I'm so sorry you have lost your beautiful girl and Luna her dear pal. I lost my Siamese and another dear cat two years ago, they are such dear souls and i know much of a hole Suki's passing has left in your heart after such a long time. You have had a lot to cope with with Luna's illness and then this and it was a brave decision to relieve Suki's suffering. The pain will pass I promise and one day you will be able to think of all the good times you shared. Now you just need to grieve and help poor Luna adjust to life without her friend. Thinking of you all at this sad time.


----------



## LunaandSuki (Jul 8, 2015)

jill3 said:


> I am so sorry for your loss of Suki. These are natural feelings that we go through. The if only I had noticed or had done that.
> I too had those feelings when I lost my 3 year old Harley. The truth is because we are in tune with our loved ones we would have noticed.
> You did everything possible. The feelings of Heart break is awful and in time your memories of her will make you smile again.
> I never thought I would never be the same after loosing Harley.
> ...


Thanks so much for your reply Jill3. So sorry to hear about Harley, and so young too! That must have been so sad for you.

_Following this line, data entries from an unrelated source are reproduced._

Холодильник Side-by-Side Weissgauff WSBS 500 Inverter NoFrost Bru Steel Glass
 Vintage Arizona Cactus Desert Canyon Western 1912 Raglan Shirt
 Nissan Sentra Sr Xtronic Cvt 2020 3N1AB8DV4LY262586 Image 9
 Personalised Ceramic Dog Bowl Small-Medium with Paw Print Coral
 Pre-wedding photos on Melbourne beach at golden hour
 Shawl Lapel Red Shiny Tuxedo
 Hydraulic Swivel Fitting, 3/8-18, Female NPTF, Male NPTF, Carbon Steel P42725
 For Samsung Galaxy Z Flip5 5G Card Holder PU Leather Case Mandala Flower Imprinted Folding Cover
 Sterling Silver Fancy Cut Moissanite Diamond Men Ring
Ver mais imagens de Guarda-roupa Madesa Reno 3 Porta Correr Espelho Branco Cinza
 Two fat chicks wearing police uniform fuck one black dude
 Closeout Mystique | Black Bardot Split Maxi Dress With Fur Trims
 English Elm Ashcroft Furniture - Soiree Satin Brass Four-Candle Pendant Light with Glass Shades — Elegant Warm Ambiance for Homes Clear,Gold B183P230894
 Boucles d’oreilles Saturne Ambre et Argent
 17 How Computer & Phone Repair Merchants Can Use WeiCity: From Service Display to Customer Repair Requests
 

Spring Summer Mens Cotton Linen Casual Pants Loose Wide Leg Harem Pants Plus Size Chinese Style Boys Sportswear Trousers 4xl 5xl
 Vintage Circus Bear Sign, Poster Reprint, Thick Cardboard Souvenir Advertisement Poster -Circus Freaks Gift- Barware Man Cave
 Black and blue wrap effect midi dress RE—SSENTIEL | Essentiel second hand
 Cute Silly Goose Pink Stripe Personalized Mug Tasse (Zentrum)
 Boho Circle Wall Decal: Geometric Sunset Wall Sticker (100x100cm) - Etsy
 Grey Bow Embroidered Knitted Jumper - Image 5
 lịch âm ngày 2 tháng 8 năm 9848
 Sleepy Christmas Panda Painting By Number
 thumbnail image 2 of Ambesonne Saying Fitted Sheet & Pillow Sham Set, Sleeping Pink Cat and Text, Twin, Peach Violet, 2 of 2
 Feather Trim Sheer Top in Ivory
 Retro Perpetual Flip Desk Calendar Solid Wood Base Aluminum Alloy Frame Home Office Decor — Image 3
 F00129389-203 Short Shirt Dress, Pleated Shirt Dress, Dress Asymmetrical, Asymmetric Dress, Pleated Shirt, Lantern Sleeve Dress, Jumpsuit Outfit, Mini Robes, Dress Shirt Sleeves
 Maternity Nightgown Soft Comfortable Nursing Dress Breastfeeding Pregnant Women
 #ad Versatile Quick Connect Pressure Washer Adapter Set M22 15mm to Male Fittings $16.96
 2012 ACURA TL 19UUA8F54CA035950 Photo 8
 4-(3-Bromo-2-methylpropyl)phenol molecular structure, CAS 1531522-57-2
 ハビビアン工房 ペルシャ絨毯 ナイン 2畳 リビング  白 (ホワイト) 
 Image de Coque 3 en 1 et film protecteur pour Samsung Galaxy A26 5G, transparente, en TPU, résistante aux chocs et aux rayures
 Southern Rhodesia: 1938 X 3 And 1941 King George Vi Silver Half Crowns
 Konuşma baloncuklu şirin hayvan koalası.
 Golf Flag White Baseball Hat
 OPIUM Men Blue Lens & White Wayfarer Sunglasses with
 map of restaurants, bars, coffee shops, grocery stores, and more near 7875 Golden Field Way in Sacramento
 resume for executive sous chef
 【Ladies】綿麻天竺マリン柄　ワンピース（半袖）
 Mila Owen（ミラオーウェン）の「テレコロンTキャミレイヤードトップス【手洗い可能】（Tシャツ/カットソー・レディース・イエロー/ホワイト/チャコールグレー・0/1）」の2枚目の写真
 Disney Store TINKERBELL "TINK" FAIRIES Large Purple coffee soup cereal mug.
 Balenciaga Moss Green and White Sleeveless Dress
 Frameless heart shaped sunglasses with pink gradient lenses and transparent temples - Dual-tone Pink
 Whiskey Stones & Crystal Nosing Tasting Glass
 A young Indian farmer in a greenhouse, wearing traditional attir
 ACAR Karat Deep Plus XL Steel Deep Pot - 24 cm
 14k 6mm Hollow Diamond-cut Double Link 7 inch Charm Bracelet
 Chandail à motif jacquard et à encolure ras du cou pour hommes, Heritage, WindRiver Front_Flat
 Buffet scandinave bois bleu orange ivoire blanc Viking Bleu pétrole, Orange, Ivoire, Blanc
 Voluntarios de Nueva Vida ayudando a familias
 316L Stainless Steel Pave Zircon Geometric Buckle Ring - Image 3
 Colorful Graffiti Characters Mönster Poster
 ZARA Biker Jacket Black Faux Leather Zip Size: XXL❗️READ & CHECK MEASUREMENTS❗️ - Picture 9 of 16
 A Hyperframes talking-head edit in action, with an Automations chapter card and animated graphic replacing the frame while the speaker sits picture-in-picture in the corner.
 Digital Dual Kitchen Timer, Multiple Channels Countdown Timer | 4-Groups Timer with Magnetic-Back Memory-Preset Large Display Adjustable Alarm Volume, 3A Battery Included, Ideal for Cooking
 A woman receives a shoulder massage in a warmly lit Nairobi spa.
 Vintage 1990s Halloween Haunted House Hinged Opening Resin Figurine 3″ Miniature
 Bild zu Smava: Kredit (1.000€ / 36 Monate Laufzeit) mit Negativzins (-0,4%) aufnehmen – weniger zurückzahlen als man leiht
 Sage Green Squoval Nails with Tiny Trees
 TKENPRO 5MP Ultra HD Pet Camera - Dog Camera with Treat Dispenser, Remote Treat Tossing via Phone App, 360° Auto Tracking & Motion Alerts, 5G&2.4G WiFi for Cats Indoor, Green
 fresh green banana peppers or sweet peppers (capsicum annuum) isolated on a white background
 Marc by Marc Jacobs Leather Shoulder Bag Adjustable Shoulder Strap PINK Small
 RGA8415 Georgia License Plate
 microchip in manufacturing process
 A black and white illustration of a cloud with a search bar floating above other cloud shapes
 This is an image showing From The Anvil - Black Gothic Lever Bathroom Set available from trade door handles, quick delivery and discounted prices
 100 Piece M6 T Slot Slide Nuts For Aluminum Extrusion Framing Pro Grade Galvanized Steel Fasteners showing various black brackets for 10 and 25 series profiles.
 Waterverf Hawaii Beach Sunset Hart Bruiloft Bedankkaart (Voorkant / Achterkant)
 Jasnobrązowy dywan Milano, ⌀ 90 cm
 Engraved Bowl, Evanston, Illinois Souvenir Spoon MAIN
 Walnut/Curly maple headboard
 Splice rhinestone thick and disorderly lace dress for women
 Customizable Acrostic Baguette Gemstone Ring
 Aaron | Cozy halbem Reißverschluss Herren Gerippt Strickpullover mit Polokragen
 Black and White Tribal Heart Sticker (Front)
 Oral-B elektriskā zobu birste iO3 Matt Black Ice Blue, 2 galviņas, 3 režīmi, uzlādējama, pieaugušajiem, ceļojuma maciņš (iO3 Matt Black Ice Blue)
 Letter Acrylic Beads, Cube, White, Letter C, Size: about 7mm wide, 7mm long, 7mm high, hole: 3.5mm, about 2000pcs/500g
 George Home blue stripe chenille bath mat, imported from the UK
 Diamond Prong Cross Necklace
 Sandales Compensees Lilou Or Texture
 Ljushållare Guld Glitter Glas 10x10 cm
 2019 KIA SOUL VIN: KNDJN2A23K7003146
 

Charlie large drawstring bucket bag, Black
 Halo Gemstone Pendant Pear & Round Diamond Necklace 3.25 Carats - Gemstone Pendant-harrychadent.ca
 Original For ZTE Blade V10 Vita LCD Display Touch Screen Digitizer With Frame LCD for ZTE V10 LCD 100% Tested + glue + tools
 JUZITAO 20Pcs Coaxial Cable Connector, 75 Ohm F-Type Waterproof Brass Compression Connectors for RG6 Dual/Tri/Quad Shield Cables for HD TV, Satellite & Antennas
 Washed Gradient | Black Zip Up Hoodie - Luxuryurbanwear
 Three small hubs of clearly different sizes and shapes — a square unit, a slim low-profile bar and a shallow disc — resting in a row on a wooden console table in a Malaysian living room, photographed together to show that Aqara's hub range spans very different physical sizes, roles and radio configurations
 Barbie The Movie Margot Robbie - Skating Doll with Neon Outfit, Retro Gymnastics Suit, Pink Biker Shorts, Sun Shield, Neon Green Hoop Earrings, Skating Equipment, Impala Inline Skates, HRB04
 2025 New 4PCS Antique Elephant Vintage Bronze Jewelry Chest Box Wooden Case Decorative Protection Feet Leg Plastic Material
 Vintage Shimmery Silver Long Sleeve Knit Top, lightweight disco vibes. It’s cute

I really hope I will be able to smile at Suki's memories soon. It's breaking my heart to miss her so much. Thanks again xxx


----------



## LunaandSuki (Jul 8, 2015)

Judgee said:


> I know how you feel and nothing seems to help. Tried everything but nothing helps. Lost my little friend on Sunday and little by little it gets a bit easier to cope. All the negative thoughts of what I did/didn't do right, did she suffer? and the despair that I will never see her again. But today I feel a little better. My thoughts have turned more to how lucky I was to have her in my life. I'll always have my memories and the bad ones of the last few weeks are fading, being taken over by all the times she made me smile. I have my photos and I will never forget her. Maybe I'll get another cat one day. They won't be the same but from these forums it's clear that all kitties are special in their own way!
> 
> Cuddle Luna, she will help you get through this. Although the world looks so bleak and empty right now one day it will become a little more bearable. My thoughts are with you. Knowing how much other people love their animals has helped me feel a little less alone in my sadness.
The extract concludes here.